In response, over the past couple of weeks, Palestinians in East Jerusalem gathered to protest the evictions. After some of these protests turned aggressive within the Al-Aqsa mosque compound, Israeli police officers fired rubber-coated bullets and stun grenades even at the worshippers inside who were praying during the last Friday of the holy month of Ramadan. Hundreds, including women and children, were injured inside the mosque.

 

The Israeli government has also insisted that this is merely a real-estate dispute, but Palestinians have asserted that it is part of a systemic approach by the Israeli government to increase its control over Palestinian populations.

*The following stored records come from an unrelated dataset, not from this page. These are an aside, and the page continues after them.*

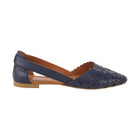 Spring Step Women's Delorse Shoes - Navy - Lenny's Shoe & Apparel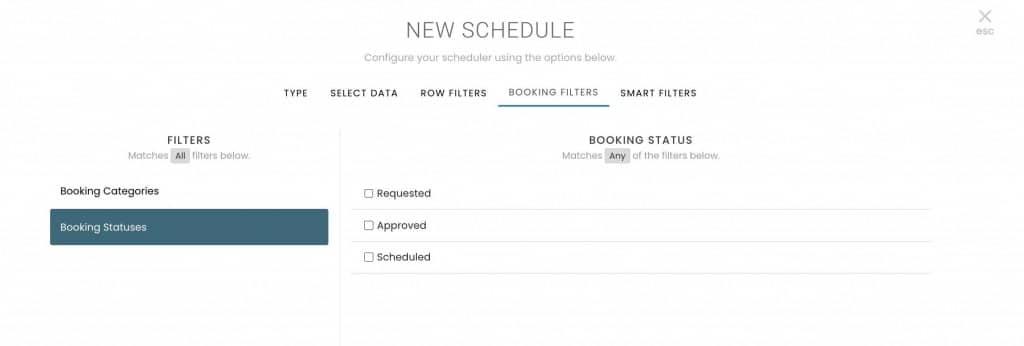 smart-schedules-booking-filters-hub-planner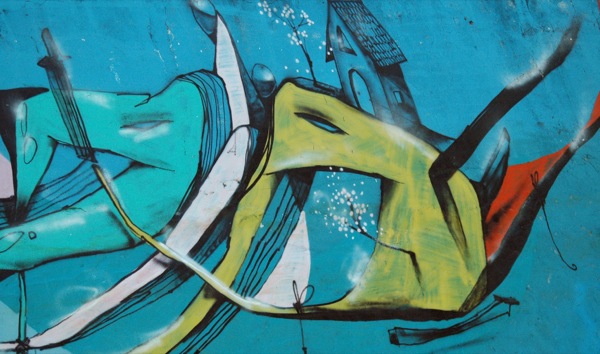 Graffiti Tour in Buenos Aires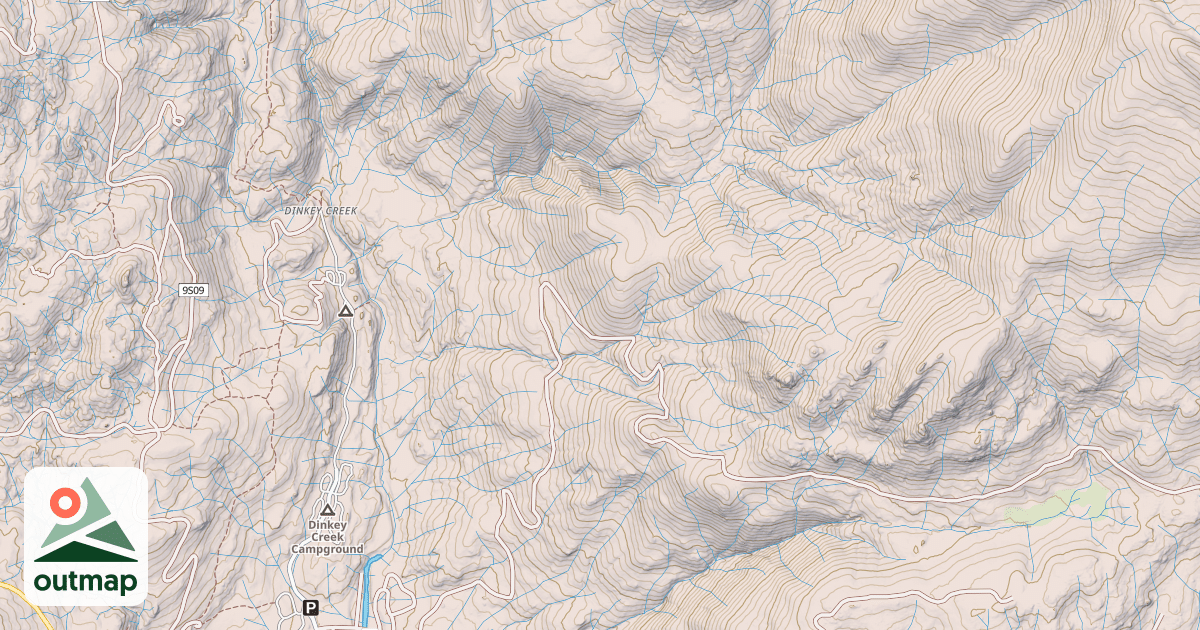 Map of ARKANSAS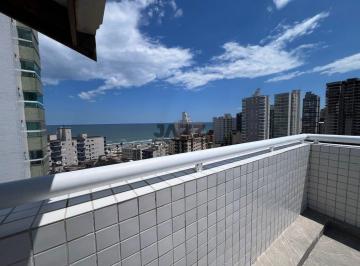 Apartamento · 41m² · 1 Quarto · 1 Vaga · Apartamento com 41 m² de área útil, 1 dormitório, Piscina e espaço Gourmet no Caiçara | Praia Grande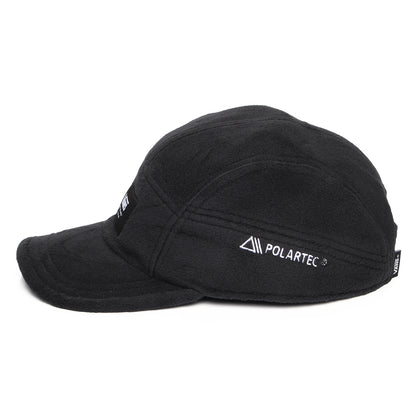 Vans MTE Polartec 5 Paneelen Cap - Schwarz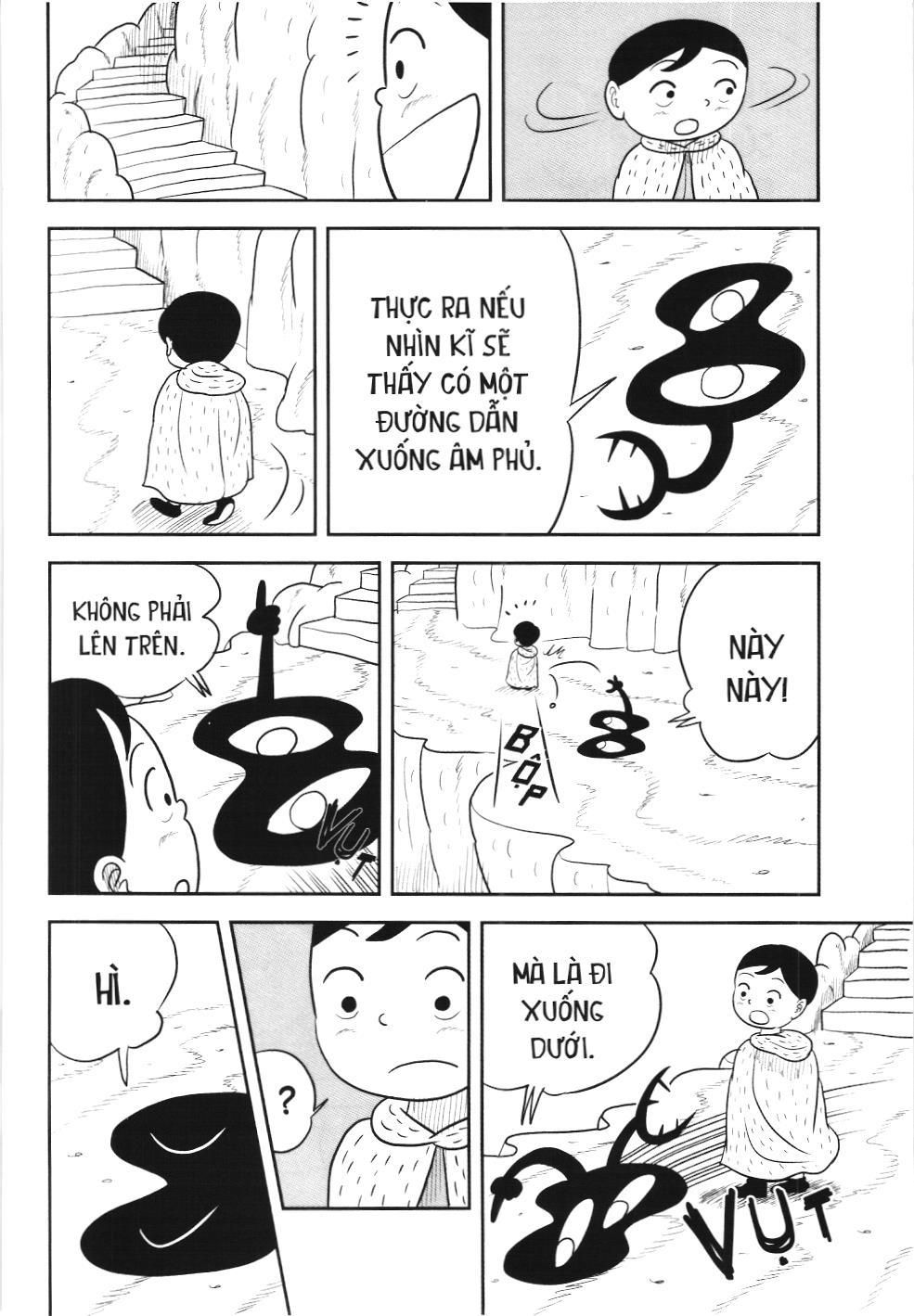 Bảng Xếp Hạng Quân Vương (Nxb Kim Đồng) Chapter 27 - Trang 2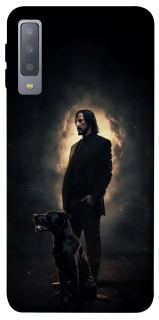 Чохол на Samsung A750 Galaxy A7 (2018) John Wick фото 1 з 1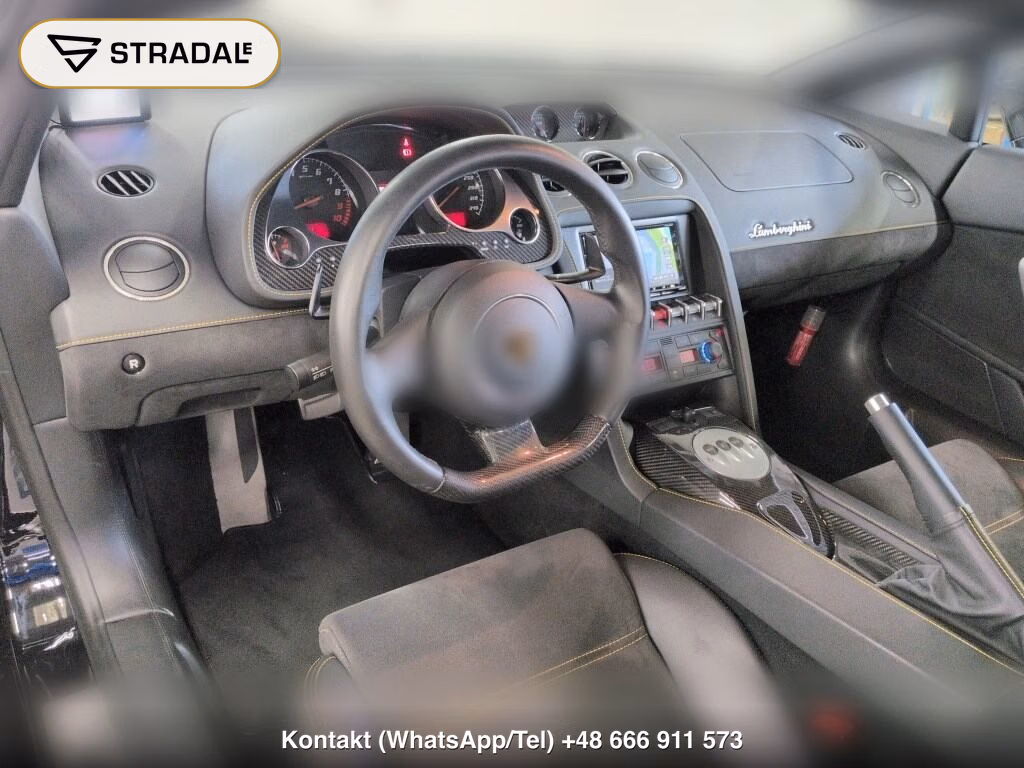 LAMBORGHINI GALLARDO 4WD LP560-4, miniaturka 4
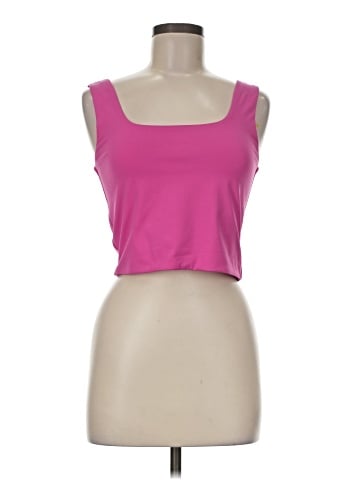 Blue Rain Tank Top (view 1)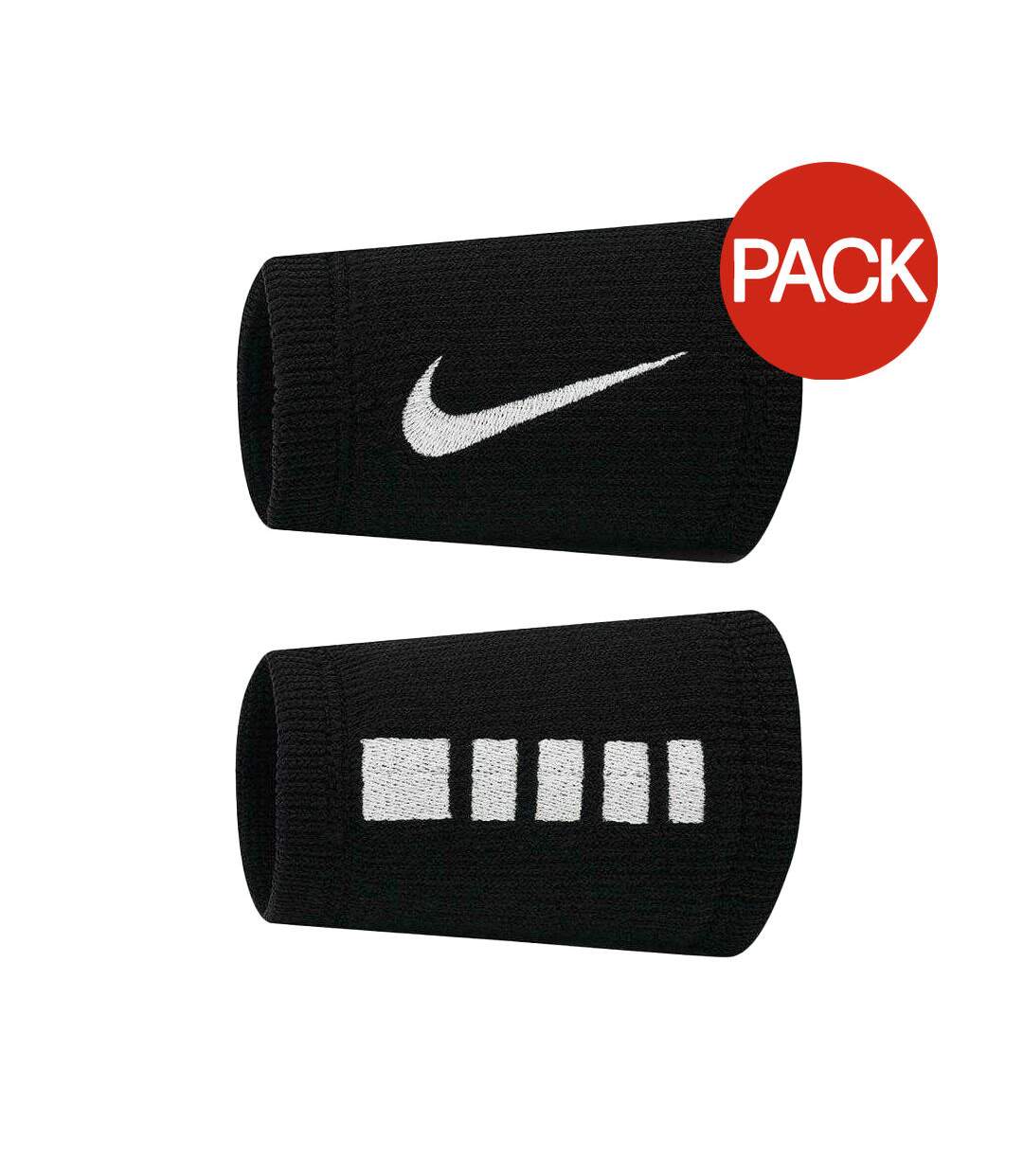 Bracelets Elite Adulte Taille Unique Noir Nike-1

The Israeli policy of forced displacements is a clear violation of Article 49 of the Fourth Geneva Convention, which unambiguously prohibits “individual or mass forcible transfers, as well as deportations of protected persons from occupied territory.”

 

In 2016, in a letter to the editor piece for the New York Times, I admonished that the Israeli government’s settlement plans would further catalyze conflict. Since then, these settlements have strategically cornered Palestinian neighborhoods. The end goal is clear: continue to displace Palestinians and increase Israeli presence across the Gaza strip and the West Bank.

 

This two-tier system employed prolifically in Jerusalem, as non-government organizations like the Human Rights Watch (HRW) have documented, prioritizes the rights and privileges of Israeli citizens over Palestinians. In a report published last month, HRW has labeled the actions of the Israeli government as “crimes of apartheid and persecution.”

 

Palestinians face discrimination as the Israeli authorities intend to establish majority Jewish populations while boxing in Palestinian areas. The “systematic oppression,” of Palestinians, referred to by a plethora of human rights groups, has continued since 1948, through the course of what was supposed to be ‘temporary’ Israeli occupation.

 

Researchers at Kingston University London have found that the trauma that Palestinian children are exposed to leads to long-term behavioral and cognitive complications. Many Palestinian children like Nadine grow up around constant Israeli Defense Forces (IDF) presence. Their only interaction with someone from the other side is intuitively adversarial because of the disparity in the power dynamic. The animosity is self-perpetuating – a vicious cycle of hate that spans generations.

 

A 2018 assessment by the United Nations Children’s Emergency Fund (UNICEF) found that 1 million Palestinian children are in imminent need of humanitarian assistance. The psychological effects of war coupled with the dire economic status-quo of Palestinians have prevented Palestinian communities from thriving. One-third of Palestinian families live below the poverty line, and the unemployment rate of the youth in Gaza is an astounding 69.9%.

 

So why should Americans care about a group of people on the other side of the world?

 

The US role in the establishment of Israel in 1948 is inseparable. Along with the British government after World War II, the US made a series of miscalculations in its foreign policy pertaining to Israel. Since the end of World War II, Israel has been the largest cumulative recipient of US foreign assistance. To date, the US has spent $146 billion in aid to Israel.

 

The US has also pledged to provide $38 billion in military funding through 2028 under its third 10-year Memorandum of Understanding (MOU) with Israel, which marks an increase of $8 billion from the previous MOU. Just days before the recent violence began, the Biden administration had presented a plan to Congress of nearly $735 million in US weapons sales to Israel.

 

Despite Israel’s violations of human rights, the US continues to support the country extensively. Granted, Israel has been a key US ally in the region and faces numerous security threats from other countries; nonetheless, the US has failed to hold it accountable despite the economic leverage it holds over it. The US has systematically ignored the plight of the Palestinians. Amid the rising tensions, Benjamin Netanyahu, the Prime Minister of Israel, has made it a point to, as he says, “levy a heavy price,”, which has essentially meant a death sentence for hundreds of innocent Palestinian civilians.

 

Netanyahu, who is currently on trial for bribery, fraud, and breach of trust, has used this crisis to strengthen the grip of his waning power within Israeli domestic politics. Even amid international pressure urging his government to reach a ceasefire with Hamas, he has categorically dismissed this pressure.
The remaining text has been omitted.